Equally fortress-like is the Middlesex Street Estate, the first of two major housing projects within the ward's confines. It was built on a confined site at the end of the 1960s with upper walkways intended to link into the pedway system. Concrete staircases still rise into the sky but are now sealed by security doors accessible only by residents, each labelled with a lettered 'Ambulance Pick-Up Point' so that emergency workers know the best way into the sky-warren. 120 flats surround a central square, some with an excellent view down Petticoat Lane Market, while another 80 rise in a tower block in one corner. Shops at ground level include East End tailors and textile importers, but these are increasingly being ousted by indie beard-tamers and frothy baristas. The City also maintains a library here - a proper bonus in a ward with fewer than 1000 residents (because that's what bottomless pockets gets you).

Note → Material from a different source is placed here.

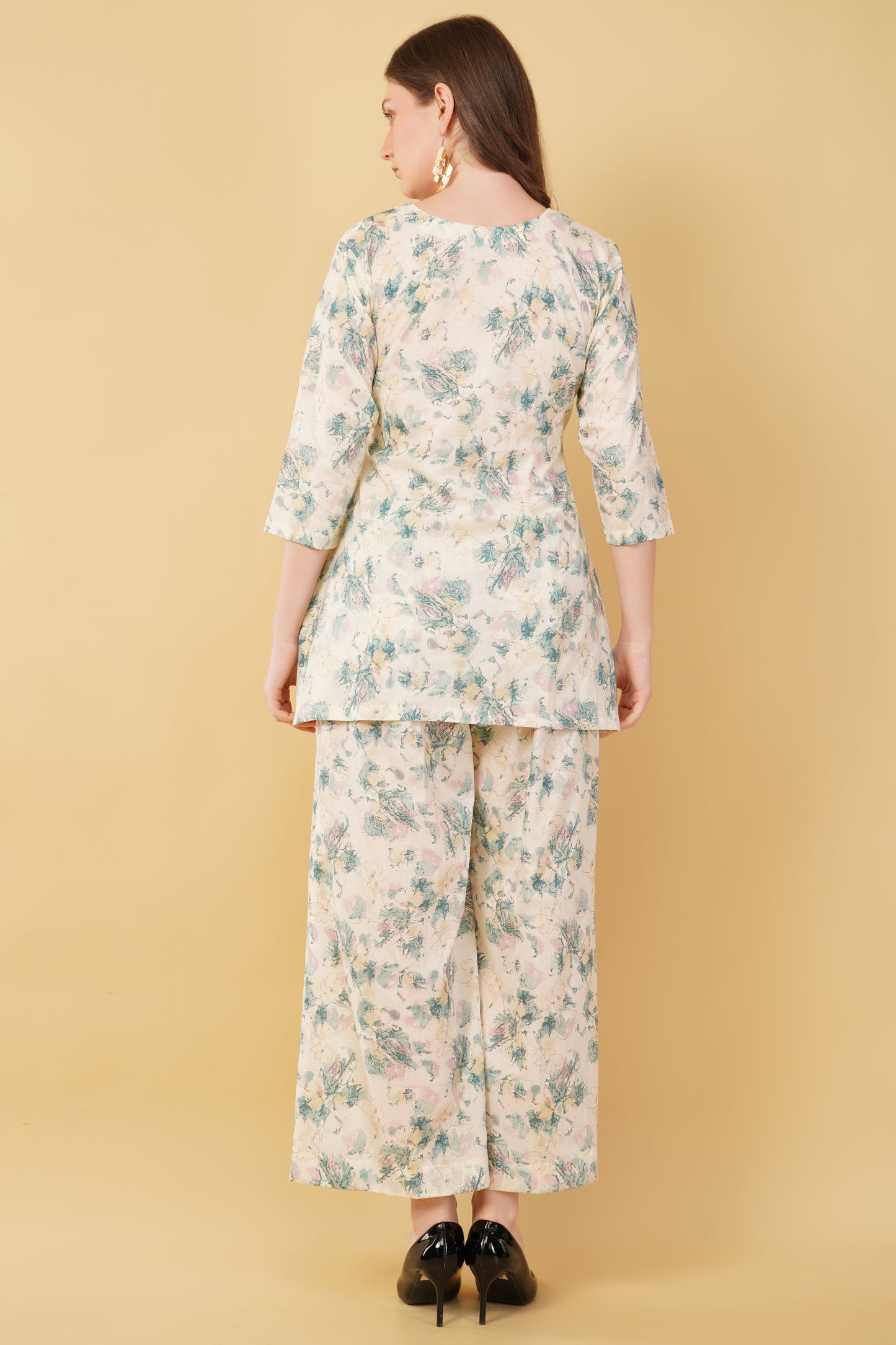 White Floral Print Cotton Co-Ord Set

The other significant housing nucleus is the Mansell Street Estate, built by the Guinness Trust in 1977 and transferred from Tower Hamlets in 1994. Find the unblocked entrance on Haydon Street, step under the skybridge and it's like walking into a council estate in Stepney. Narrow walkways look down over a central kickabout court, ground floor residents have tiny fenced backyards and the community centre resembles a green metal container with portholes. If your only experience of City housing is the Barbican, this is very much the other end of the scale. Plans were submitted in 2016 to knock the lot down and build taller irregularly-surfaced blocks instead, fractionally increasing the amount of social housing and adding 300 unaffordable apartments. But the local community hated the idea, the new stuff fell foul of the London Plan and the City withdrew their proposals last March. The current estate'll be gone by 2030 I'm sure, but for now it's a genuine outlier.
Less fortunate is the Still And Star, the City's last surviving ‘slum pub’ (licensed premises converted from a private house). Head beneath an archway opposite Aldgate station and you'll find it on the corner of two alleys, or at least what used to be the corner of two alleys until a hotel building site robbed the other walls. The Still And Star's door is plastered with Good Beer stickers, the words Traditional Free-House are handpainted above the awning and the ABVs of London Pride and Adnams Lighthouse have been chalked on a side wall. It is, in every sense, a 'proper' pub. And what developers intend to do with it is insane.
The S&S and adjacent buildings are to be knocked down so that a monstrous ribbed tower can rise in its place. The pub will be carefully measured and then ‘reimagined’ on a new site closer to the main road before reopening as a Gin Distillery and Public House. Its original site is needed as one foot of an office block above an illuminated vault, this cavernous void necessary because the Circle and District lines meet underneath and can't support foundations. TfL's Head of Property Development says"We are delighted that these plans to deliver highly sustainable and energy-efficient office and retail properties at Aldgate have been given the go ahead. The scheme will improve public spaces while making it easier for people to travel sustainably in the local area with new or improved pedestrian routes and cycle parking." which to be fair is fractionally less hateful than the architect's claim that "60 Aldgate will close an urban void between the City and Whitechapel". Come see Portsoken before it's further ruined, which may not take long.